2015/06/28

DISCLAIMER: These notes are from the defunct k8 project which precedes SquirrelJME. The notes for SquirrelJME start on 2016/02/26! The k8 project was effectively a Java SE 8 operating system and as such all of the notes are in the context of that scope. That project is no longer my goal as SquirrelJME is the spiritual successor to it.

09:02

I am awake.

10:23

Although slightly "bad", I will not go through and check the times for a package over and over again. They will only be done once, so sources should not be changed during a build. Right now my build time is 24 seconds with nothing changed. Rebuilding hairball causes hairball-os-construct to rebuild which gives me 25 seconds to reach a TODO. And getting to the same spot gives me about 10 seconds to 12 seconds.
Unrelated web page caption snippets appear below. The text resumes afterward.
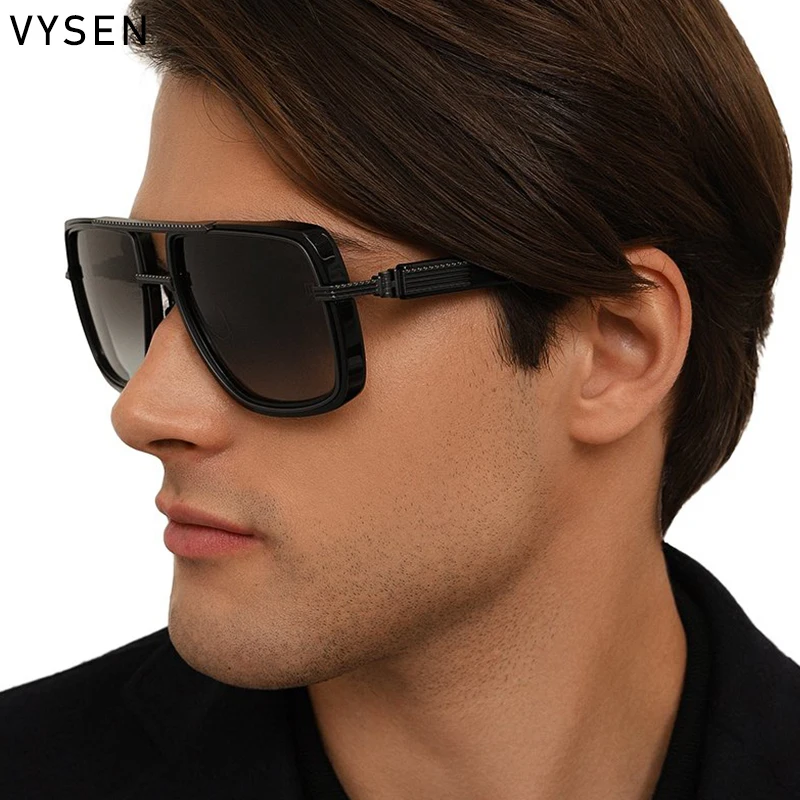

Polarized Square Sunglasses Men 2026 Luxury Brand Designer Big Frame Double Bridge Polarized Night Vision Yellow Eyewear Shades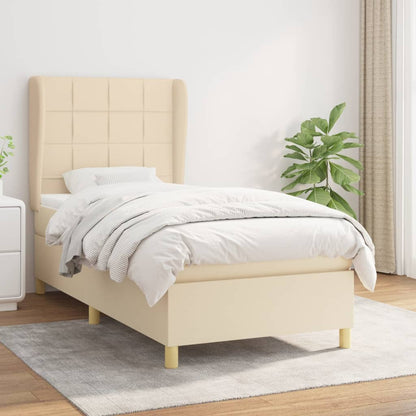Box Spring Postel S Matrací Textil Krémová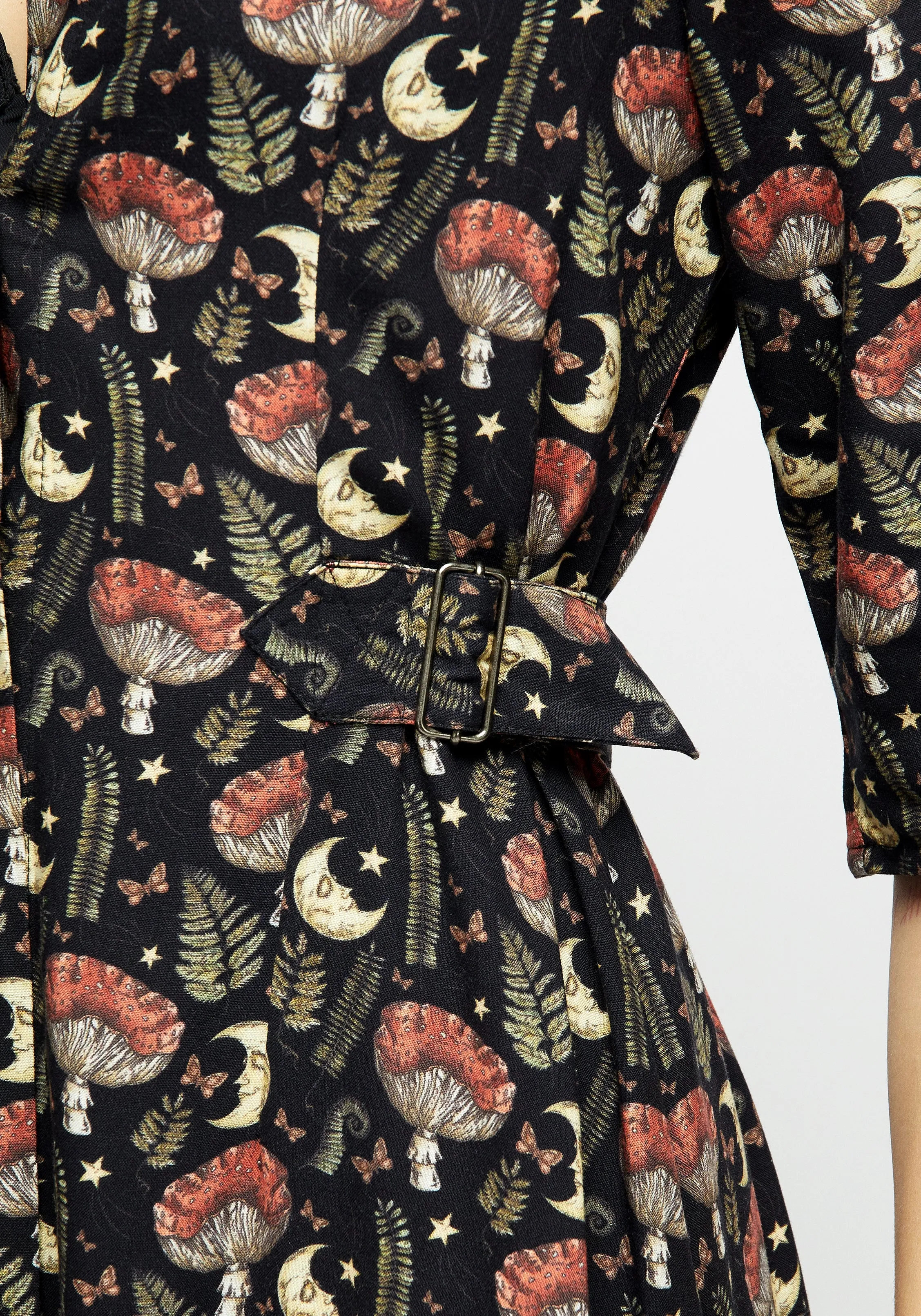Body Harmony Dreamfast Mushroom Moon Print Midi Shirt Dress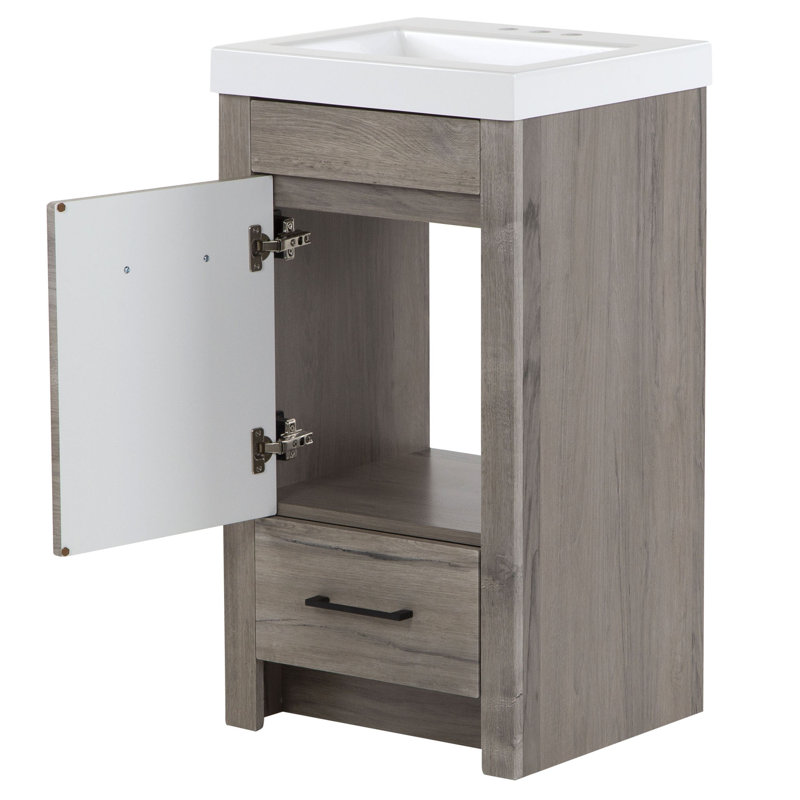 18.5" Single Bathroom Vanity With Cultured Marble Top, White Washed Oak, Matte Black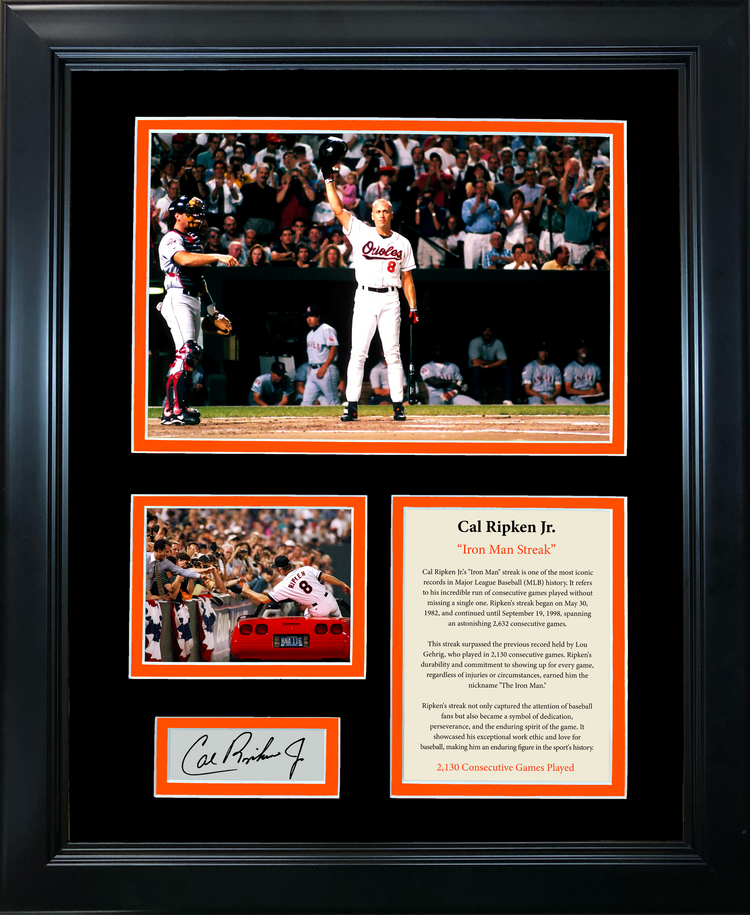 Framed Cal Ripken Jr.  Iron Man Streak  2,632 Consecutive Games Facsimile Laser Engraved Signature Auto Baltimore Orioles 11"x14" Baseball Photo Sig Collage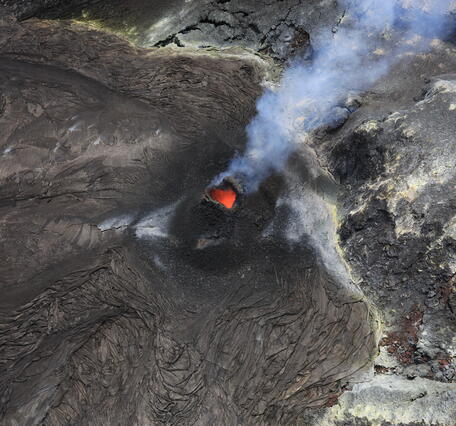 Color photograph of volcanic vent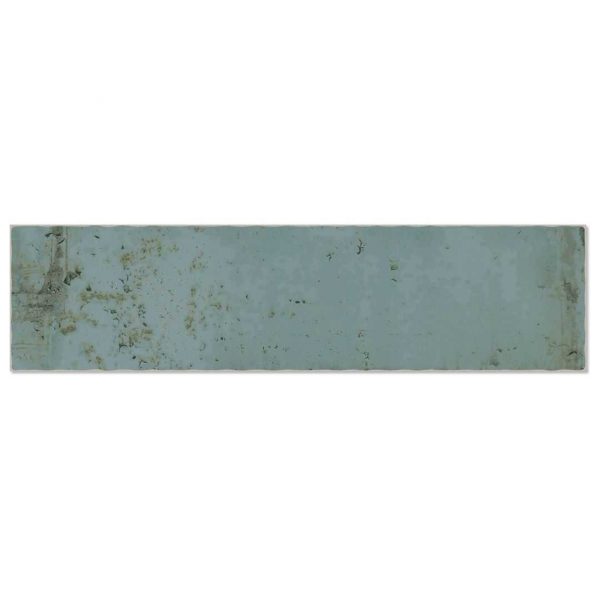 Patina Aqua Green 75x300 Shine Metal Effect White Body Tile Main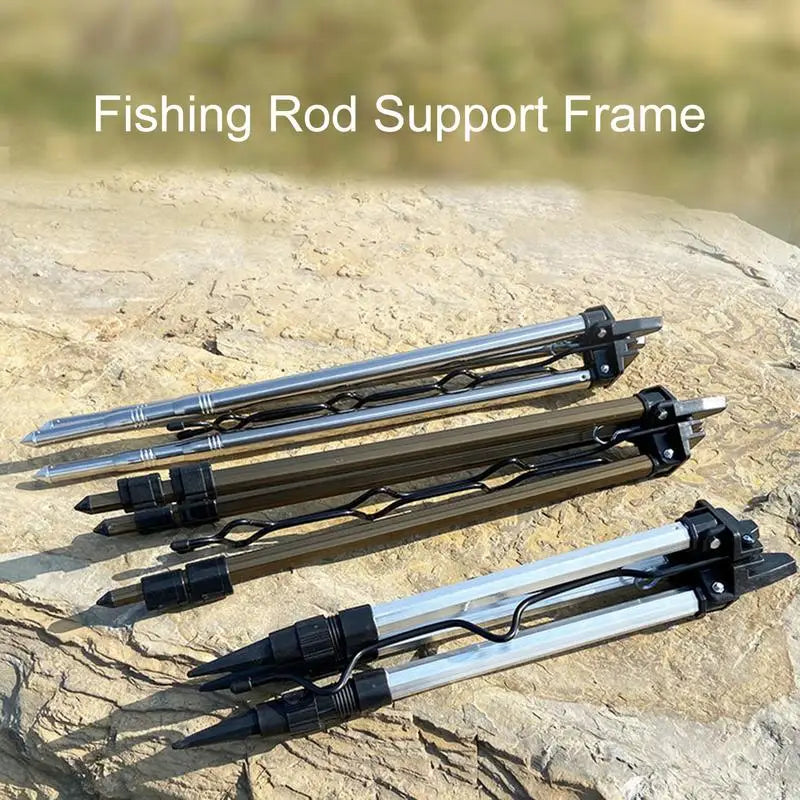 Practical Aluminum Alloy Telescopic 4 Groove Fishing Rod Holder Collapsible Tripod Stand Sea Fishing Pole Bracket Fishing Tool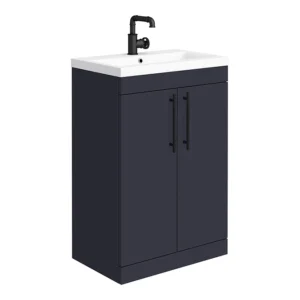 Arezzo Floor Standing Vanity Unit - Matt Blue - 600mm with Industrial Style Black Handles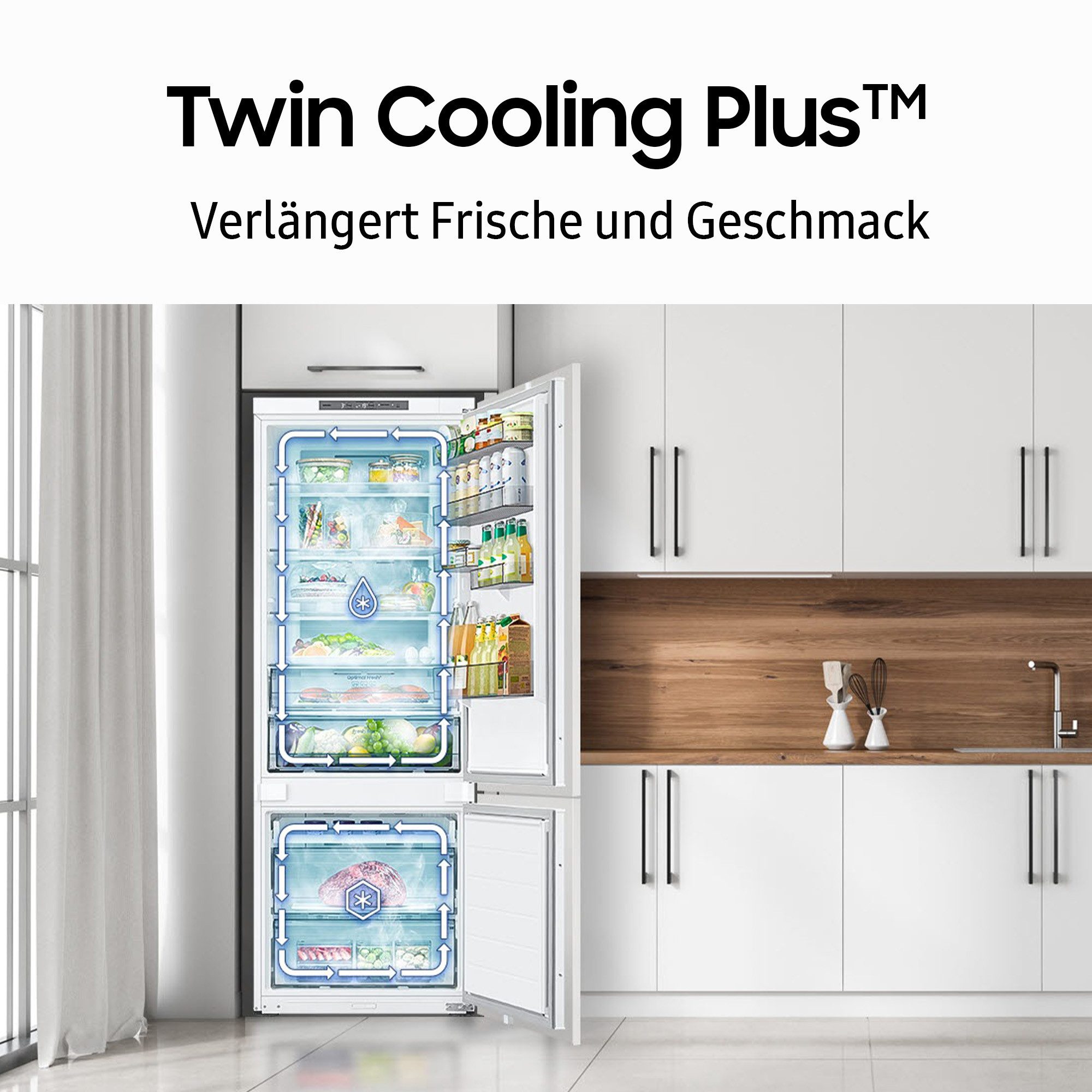 Samsung Inbouw koel-vriescombinatie BRB80F30ADFO, 193,5 cm x 54 cm, All‑Around Cooling ‑ Gelijkmatige koeling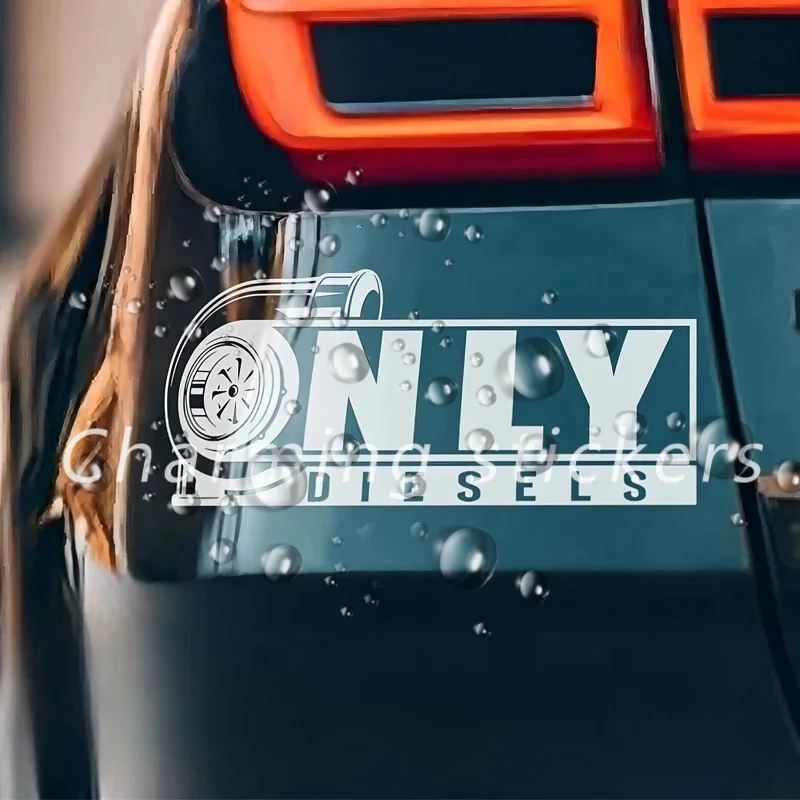 

1PC ONLY DIESELS & Turbo Design Stickers Black White Style Waterproof Adhesive Car Decor Decals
So about twice as fast when the disk is not checked over and over.

16:47

Was doing real life stuff for many hours. Anyway, thought about how instructions will be encoded and decoded. Each instruction set will have fields that instructions use (like aa or i). Those fields will be an enumeration then there will be a stream-like way of initializing how instructions are encoded with bit fields and bit ranges and such. For instruction forms (such as on PowerPC and MIPS) there can just be macros which are predefined placement of said fields so they can just be set. I suppose a Function would work in the constructor so that there is not much of a body for instructions to use. Then there will be a generic opcode thing that can encode an instruction using arguments and such (EnumMap for that). I would like to keep the instruction list clean. So I can use method handles and use names and such for an emulator backend which can run any instruction and create SSA operations from that. At least for Java I can bring in a bunch of my NARF stuff to handle that. Each architecture however will require an encoder which takes SSA and turns it into binary code. Decoders and encoders would be optional but I would need a Java decoder and native CPU encoder. Later on I can reuse the system for a Java compiler and write a Java encoder.